### Task instructions
Pictures are to be excluded. Please print only the lines from the one containing "Be Cool Turtle Neck Knit Top - Blue" through the end of the data, exactly as they appear.

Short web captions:
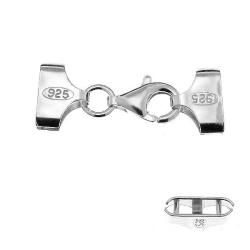 End cap with lobster clasp for Miyuki brazalet silver 925 5 R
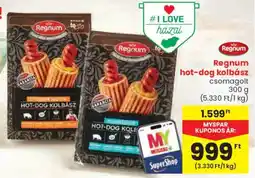 Spar Regnum hot-dog kolbász ajánlat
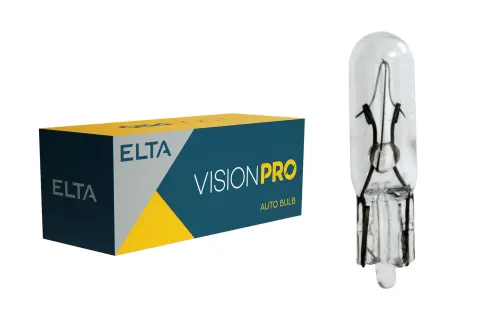 Żarówki samochodowe W2,3W 12V 2,3W W2x4,6d ELTA VisionPro – 10 szt.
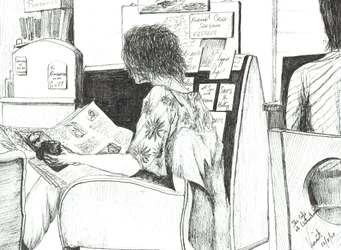 Lecture à la librairie Waterstones Manchester
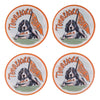 Glory Haus - Collegiate Coasters - Set of 4 - Tennessee
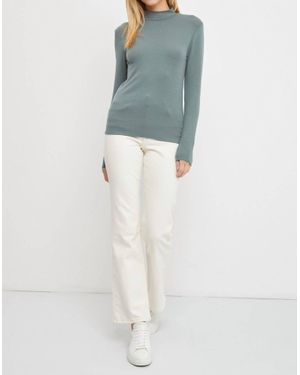 Be Cool Turtle Neck Knit Top - Blue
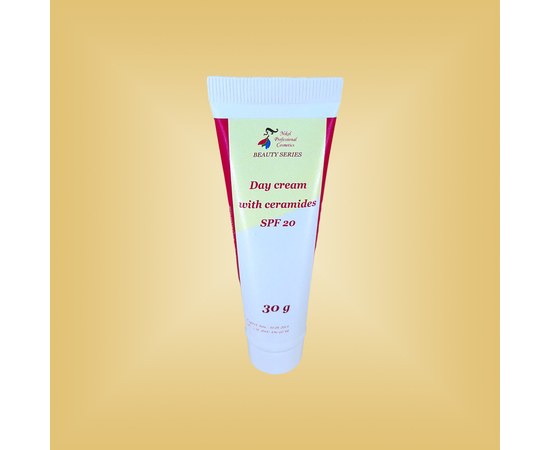 Изображение  Day cream with ceramides and SPF 20 Nikol Professional Cosmetics, 30 g, Volume (ml, g): 30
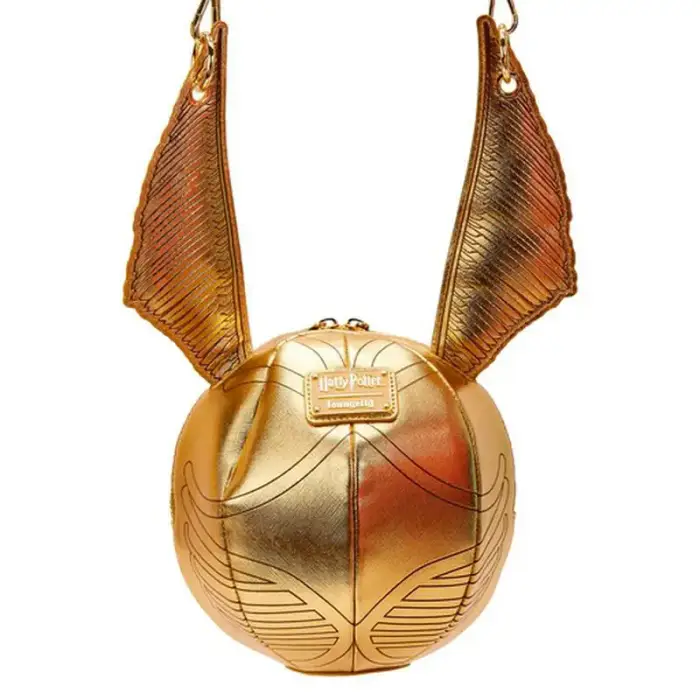 Loungefly Borsa a tracolla da bambina Harry Potter Golden Snitch Doré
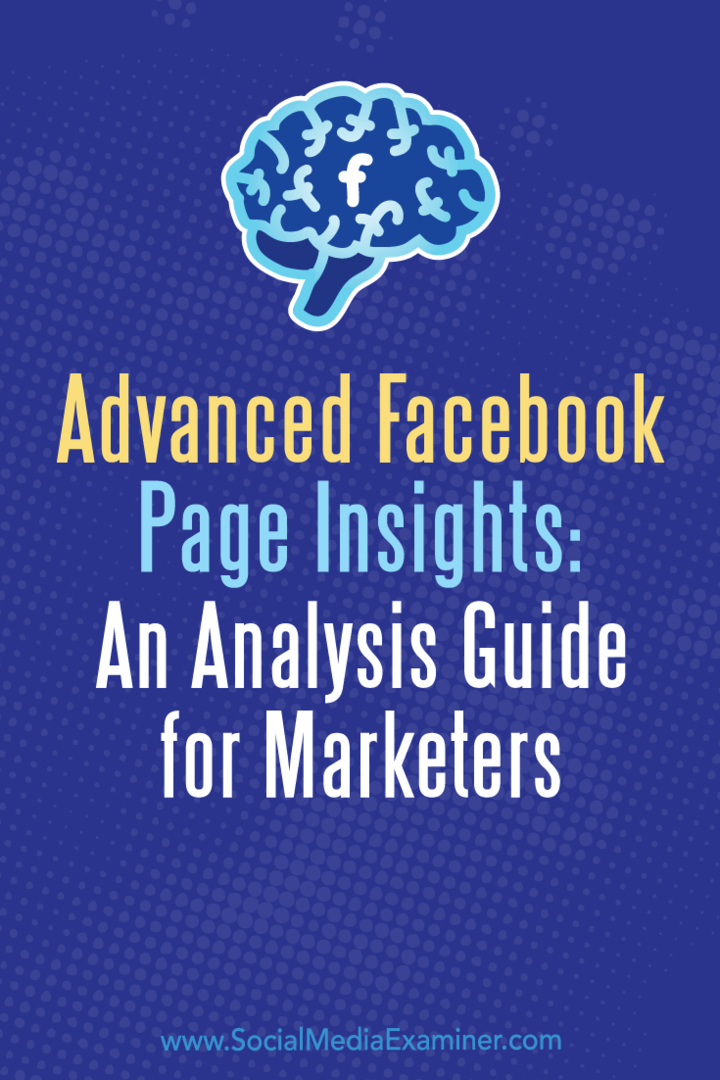 Advanced Facebook Page Insights: Pazarlamacılar için Bir Analiz Kılavuzu: Sosyal Medya Denetçisi
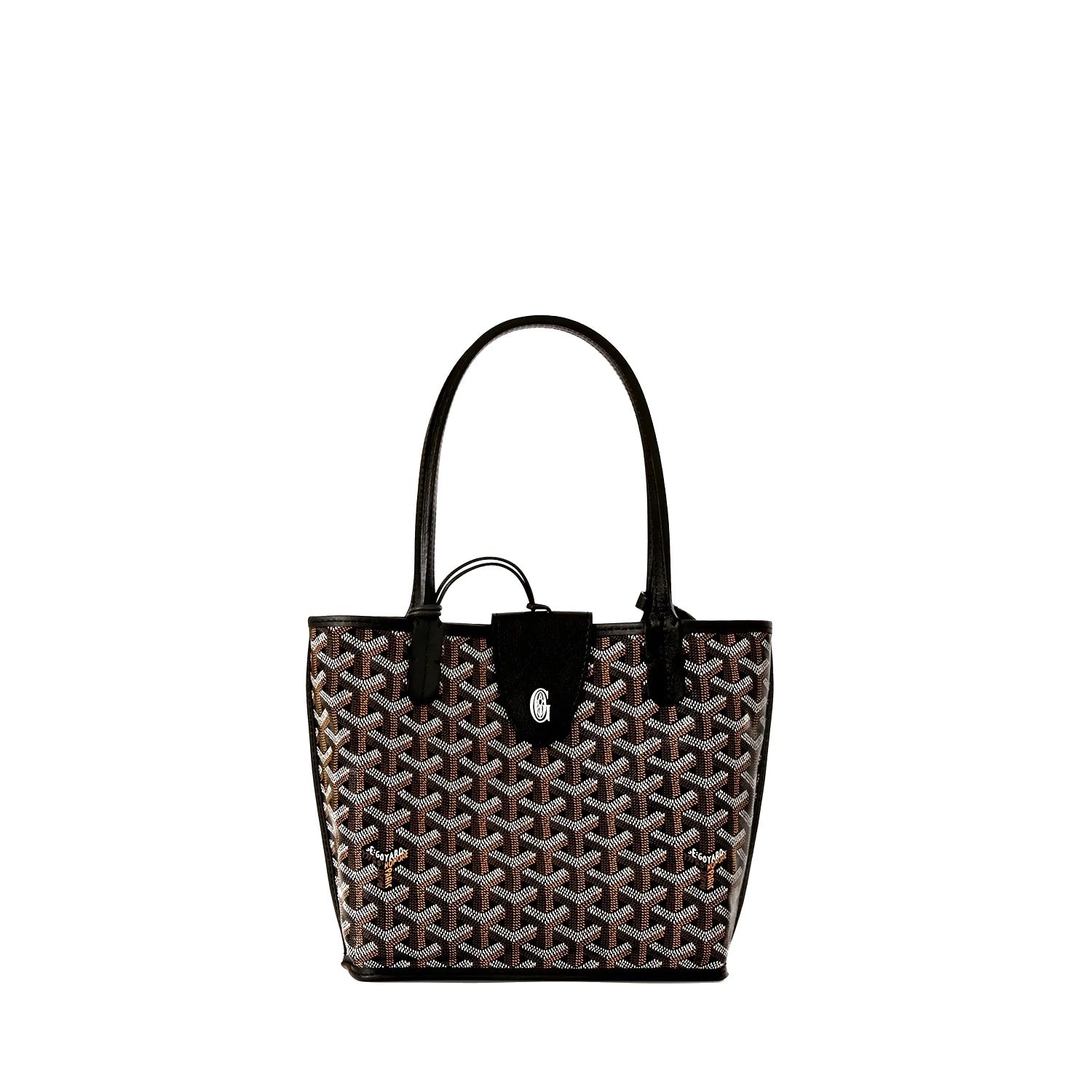 Reversible Leather Mini Tote - Black - 3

### Response
 Be Cool Turtle Neck Knit Top - Blue
 Изображение  Day cream with ceramides and SPF 20 Nikol Professional Cosmetics, 30 g, Volume (ml, g): 30
 Loungefly Borsa a tracolla da bambina Harry Potter Golden Snitch Doré
 Advanced Facebook Page Insights: Pazarlamacılar için Bir Analiz Kılavuzu: Sosyal Medya Denetçisi
 Reversible Leather Mini Tote - Black - 3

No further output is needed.